A spokesperson for the emergency operation centre for polio in Sindh said the child had routine dose of polio. He said they were investigating by which manner she had received doses during polio campaigns. He said the child was low on immunity; “this is why repeated vaccination of oral polio vaccine is necessary”.
Another official said the child’s EPI card, carrying details of vaccinations, revealed she had defaulted Penta-II vaccine. The child was said to have no travel history and her father possessing an Afghan national identity card was said to have been living in Karachi for years.
Of the 62 polio case reported during the current year , as many as 46 cases were detected in Khyber Pakhtunkhwa (KP) only. Six cases were found in Sindh while Balochistan and Punjab reported five cases each.
According to the World Health Organisation’s Technical Advisory Group (TAG) on Polio Eradication, KP is a major barrier to polio eradication efforts in Pakistan. It termed the situation caused by the parallel polio structure in the province ‘crises’.
According to the advisory group’s recommendations, a copy of which is available with Dawn, KP has been highlighted as the core reason behind the rise in polio cases in the country. The apex evaluation body stated: “KP Emergency Operations Centre is not aligned with the federal EOC, as roles and responsibilities of KP EOC are unclear.”
TAG recommended a complete reset of KP’s polio programme, observing that the provincial polio programme has failed to identify roles and responsibilities with “two simultaneous but different strategic approaches being used with distant action plans”.

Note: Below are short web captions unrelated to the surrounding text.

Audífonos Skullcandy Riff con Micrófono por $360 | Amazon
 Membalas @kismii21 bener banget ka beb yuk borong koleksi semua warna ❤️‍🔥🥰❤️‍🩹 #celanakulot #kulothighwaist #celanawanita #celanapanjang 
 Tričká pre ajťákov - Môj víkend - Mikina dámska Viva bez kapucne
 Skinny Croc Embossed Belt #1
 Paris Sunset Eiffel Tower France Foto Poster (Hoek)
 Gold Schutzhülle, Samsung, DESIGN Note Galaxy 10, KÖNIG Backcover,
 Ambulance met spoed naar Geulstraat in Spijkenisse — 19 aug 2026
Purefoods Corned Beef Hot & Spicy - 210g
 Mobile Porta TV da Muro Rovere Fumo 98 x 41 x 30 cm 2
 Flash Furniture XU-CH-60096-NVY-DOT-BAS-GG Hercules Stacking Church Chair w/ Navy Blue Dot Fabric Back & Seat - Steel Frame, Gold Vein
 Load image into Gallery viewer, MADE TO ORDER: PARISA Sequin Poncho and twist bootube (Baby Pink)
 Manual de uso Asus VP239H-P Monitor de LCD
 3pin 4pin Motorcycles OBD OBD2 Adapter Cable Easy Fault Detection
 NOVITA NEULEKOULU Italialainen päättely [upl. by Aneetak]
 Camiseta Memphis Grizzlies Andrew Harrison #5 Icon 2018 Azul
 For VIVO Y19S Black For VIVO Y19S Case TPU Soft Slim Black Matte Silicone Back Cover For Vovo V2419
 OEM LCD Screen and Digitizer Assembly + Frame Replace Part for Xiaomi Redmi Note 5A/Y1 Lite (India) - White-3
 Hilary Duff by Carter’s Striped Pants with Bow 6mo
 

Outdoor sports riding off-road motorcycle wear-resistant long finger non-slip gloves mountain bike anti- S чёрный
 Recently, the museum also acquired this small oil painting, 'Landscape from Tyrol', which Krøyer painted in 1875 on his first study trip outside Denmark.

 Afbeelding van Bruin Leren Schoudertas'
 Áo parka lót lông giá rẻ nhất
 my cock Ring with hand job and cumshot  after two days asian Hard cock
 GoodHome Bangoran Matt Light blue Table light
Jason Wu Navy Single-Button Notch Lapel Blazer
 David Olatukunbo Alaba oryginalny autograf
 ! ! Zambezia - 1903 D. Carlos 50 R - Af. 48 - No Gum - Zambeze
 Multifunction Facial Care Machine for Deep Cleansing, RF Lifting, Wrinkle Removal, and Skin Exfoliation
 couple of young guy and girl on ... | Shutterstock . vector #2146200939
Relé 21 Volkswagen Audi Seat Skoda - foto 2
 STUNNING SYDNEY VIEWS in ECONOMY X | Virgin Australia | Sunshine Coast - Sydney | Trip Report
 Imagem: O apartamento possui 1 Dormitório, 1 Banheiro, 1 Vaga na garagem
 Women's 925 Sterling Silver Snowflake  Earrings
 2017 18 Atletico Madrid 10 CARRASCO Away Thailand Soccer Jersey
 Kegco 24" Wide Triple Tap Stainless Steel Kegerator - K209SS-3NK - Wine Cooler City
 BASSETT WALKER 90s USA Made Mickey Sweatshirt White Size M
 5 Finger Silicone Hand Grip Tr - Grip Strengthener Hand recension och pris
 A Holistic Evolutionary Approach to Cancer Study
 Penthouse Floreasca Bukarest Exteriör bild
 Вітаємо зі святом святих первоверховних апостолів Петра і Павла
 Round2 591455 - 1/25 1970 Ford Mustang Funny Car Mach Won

As KP shares the major burden of the total number of cases reported during the year in the country, the advisory group acknowledged that Federally Administered Tribal Areas’ (Fata) merger with KP and fake finger markings are major challenges, but observed that the communication strategies being used by the KP polio programme were “not fit for the purpose”. There are only two countries in the world, Pakistan and Afghanistan, where polio cases are still reported. Pakistan remains under a polio-linked travel restriction imposed by the WHO due to which since 2014 every person travelling aboard has to carry a polio vaccination certificate.